(Extracted information begins)
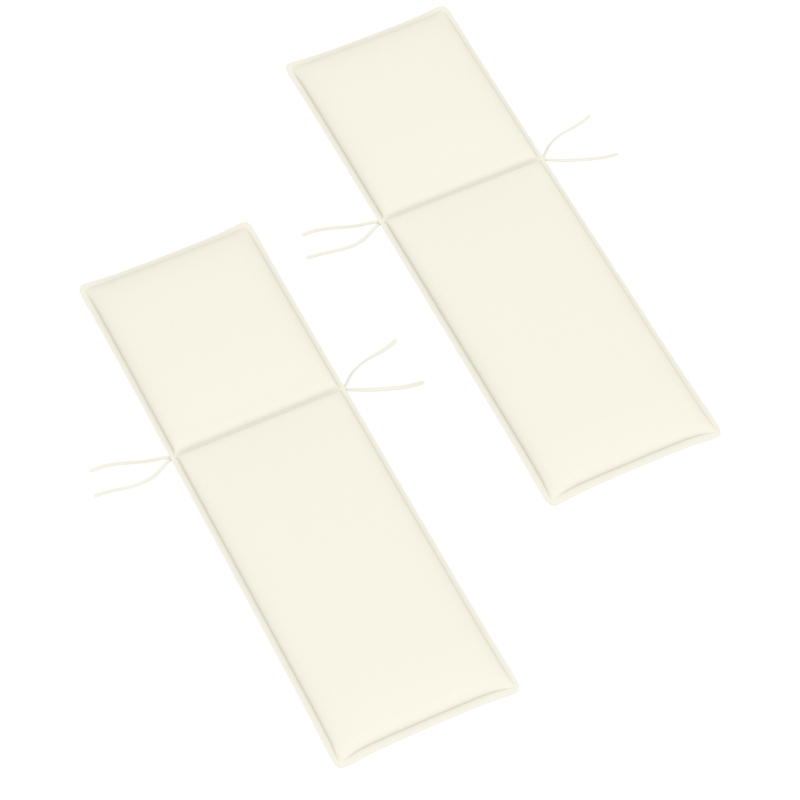 Outsunny Conjunto de 2 Almofadas para Espreguiçadeira Dobráveis 193x58x6 cm com Correias de Sujeição Creme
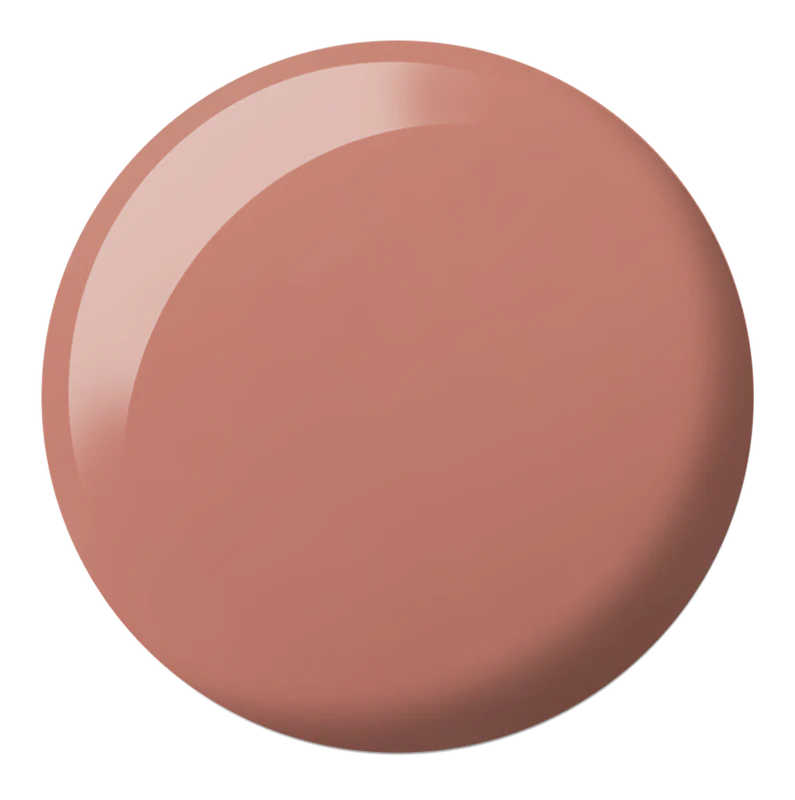 DND DC Gel Duo Cashmere #2457 with gel nail polish and lacquer in a soft, neutral beige shade, displayed on a nail tips.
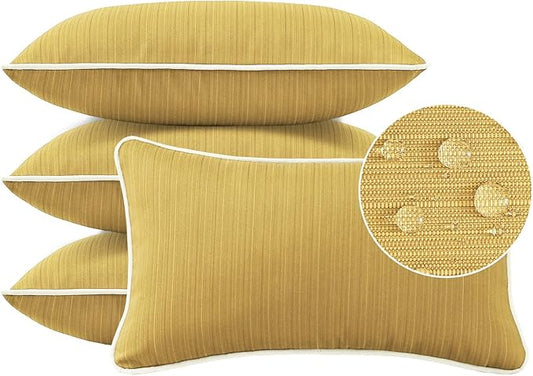 Decorative Outdoor Water Repellent Throw Pillows with Inserts, Set of 4, 20" x12" Pillows for Patio, Backyard, Bed, Couch, and Patio Furniture, Yellow Brown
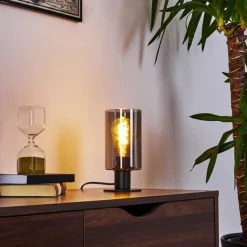 Lampe de table Hunouri Noir, 1 lumière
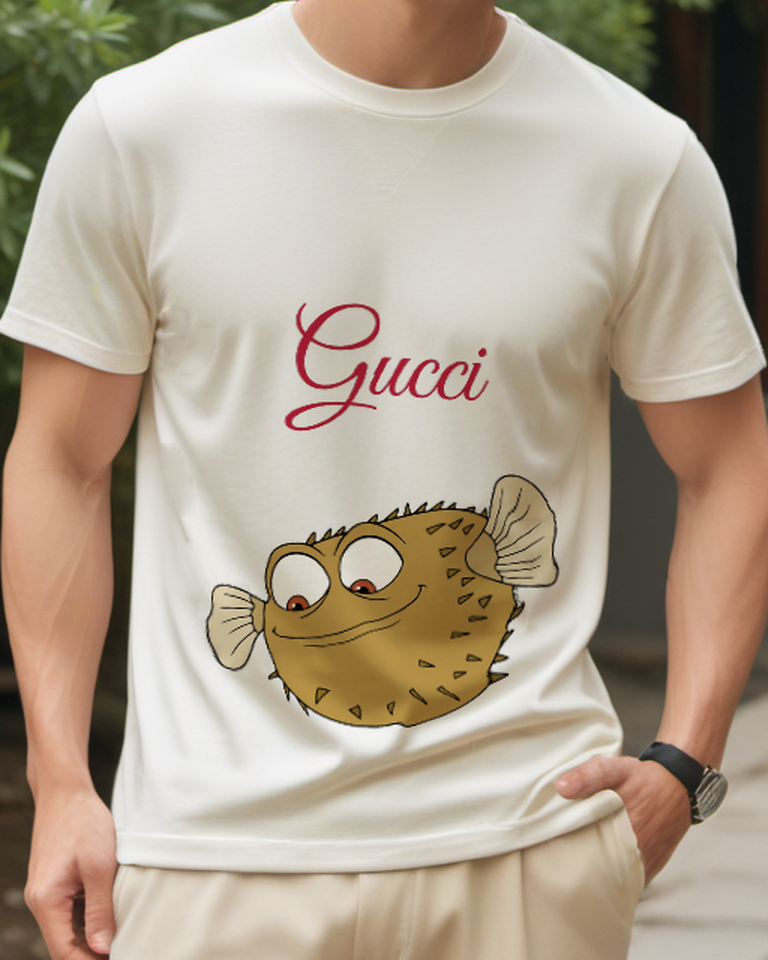 Light Gray Round Golden Puffer Fish Graphic T-Shirt - model wearing view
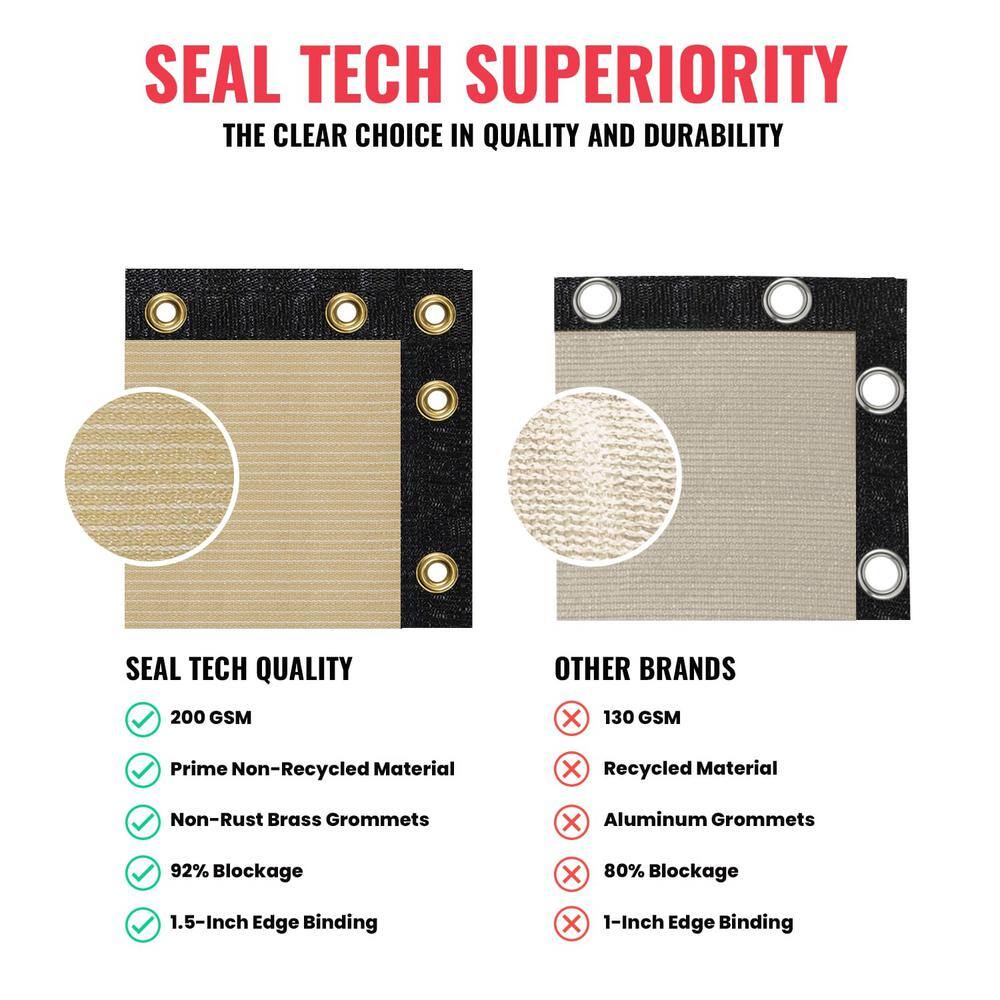 SEALTECH Ultra Heavy-Duty 200 GSM Privacy Fence Screen Beige - 8 ft. x 100 ft. Non-Recycled Polyethylene 90% Cable Zip Ties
(Extracted information ends)
*Exercise:*
Print exactly the first line of the entries and every line after it through the one that contains "DND DC Gel Duo", leaving the pictures out.

*Exercise solution:*
 Outsunny Conjunto de 2 Almofadas para Espreguiçadeira Dobráveis 193x58x6 cm com Correias de Sujeição Creme
 DND DC Gel Duo Cashmere #2457 with gel nail polish and lacquer in a soft, neutral beige shade, displayed on a nail tips.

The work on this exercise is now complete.